Rushing big can cure Michigan's ills

ANN ARBOR, Mich. -- When Brady Hoke looked at any sort of road woes his teams have had through the years, one of the things he pointed to was how to take an opposing crowd out of the game.

And one of the best ways to do that is to shorten the game up, control the clock and turn an opponent’s offense into as much of a spectator as the thousands of fans sitting in seats instead of standing on benches inside a stadium.

Hoke’s best way to do that? Run.

“Good teams on the road, normally, you have to take care of the football,” Hoke said. “You need to make sure as you’re taking care of the football that you’re running the football, which can help you a little bit.

“It takes a little bit out of the home crowd, the home-team advantage, because people don’t like seeing offenses getting first down after first down.”

Against Purdue the past three seasons, that hasn’t been a problem. In the past three seasons, Purdue’s run defense has almost been like a cure-all for Michigan’s running game. Last season, the Wolverines rushed for 339 yards against the Boilermakers, including 170 yards and two touchdowns from Fitzgerald Toussaint, sparking his strong final month of the 2011 season.

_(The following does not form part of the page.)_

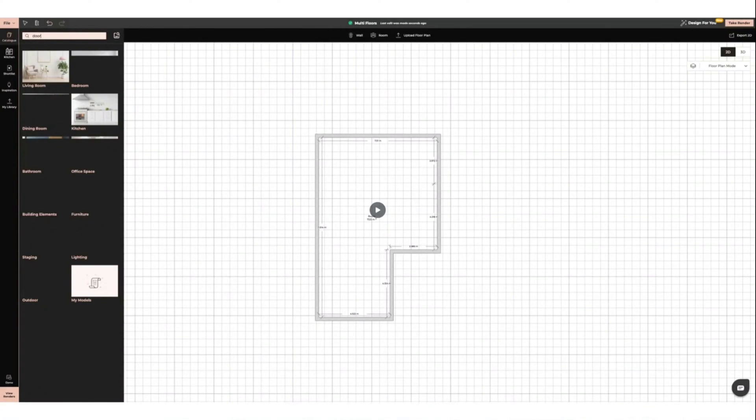Hi everyone, it's Abbey from Feather and Fossil Interior Design. Today I'm going to be showing you how to create multiple floors or foyer near.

The year before, Michigan combined for 202 yards, led by 99 from Vincent Smith on its way to a seventh win in the 2010 season for the Wolverines, which would also be their last win of the year.

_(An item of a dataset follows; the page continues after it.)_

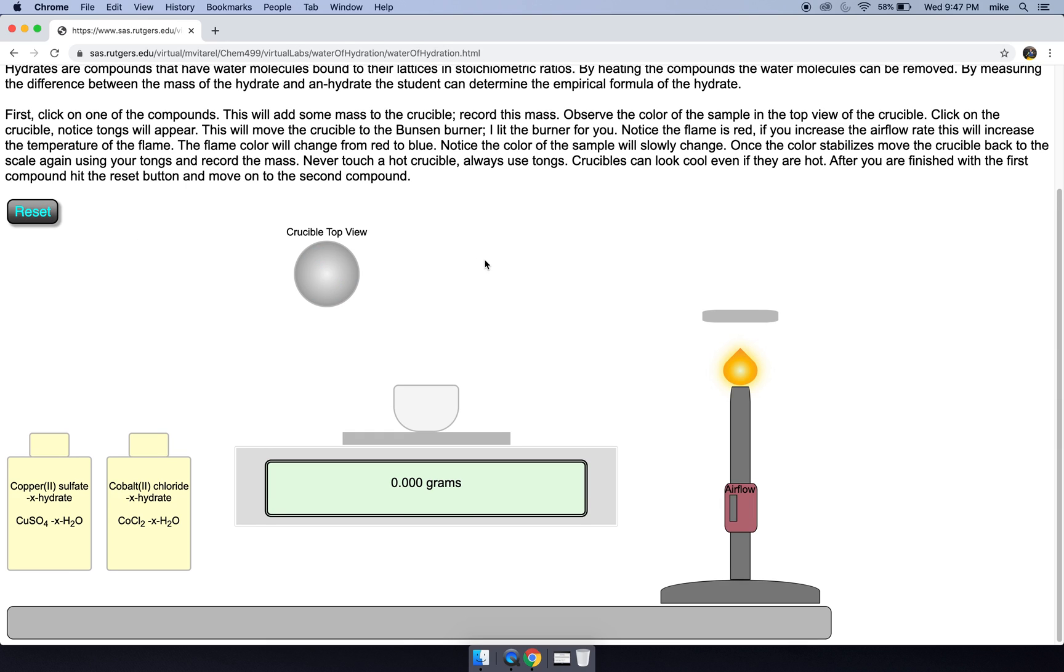One thing that's in the lab manual: what is the mass of the crucible and the lid? I originally did have masses for those here, but it was suggested to me to have it tared. So just put no measurement or N.A. for the mass of the crucible and lid in the lab manual.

In 2009, Michigan rushed for 215 yards, led by 154 yards and three touchdowns from Brandon Minor, but lost 38-36 when Michigan failed to get key defensive stops at the end.

Gaining 200 yards rushing also seems to be a magic number for Michigan under Hoke. In games in which the Wolverines have eclipsed that mark, they are 9-0. When they don’t, they 4-4. The number goes beyond Hoke, too. In 2010, Michigan was 7-1 when it ran for 200 yards or more and 0-5 when it did not. In 2009, the Wolverines were 3-1 when over the number and 2-6 below it.

For Hoke, it is also a good barometer. In his final season at San Diego State, the Aztecs were 5-1 when rushing for more than 200 yards and 4-4 when it did not. In 2009, his team did not rush for more than 200 yards in any game and went 4-8.

So when Michigan says it needs to discover its running game, especially on the road, there’s a good reason. It gives the Wolverines a much better chance to win.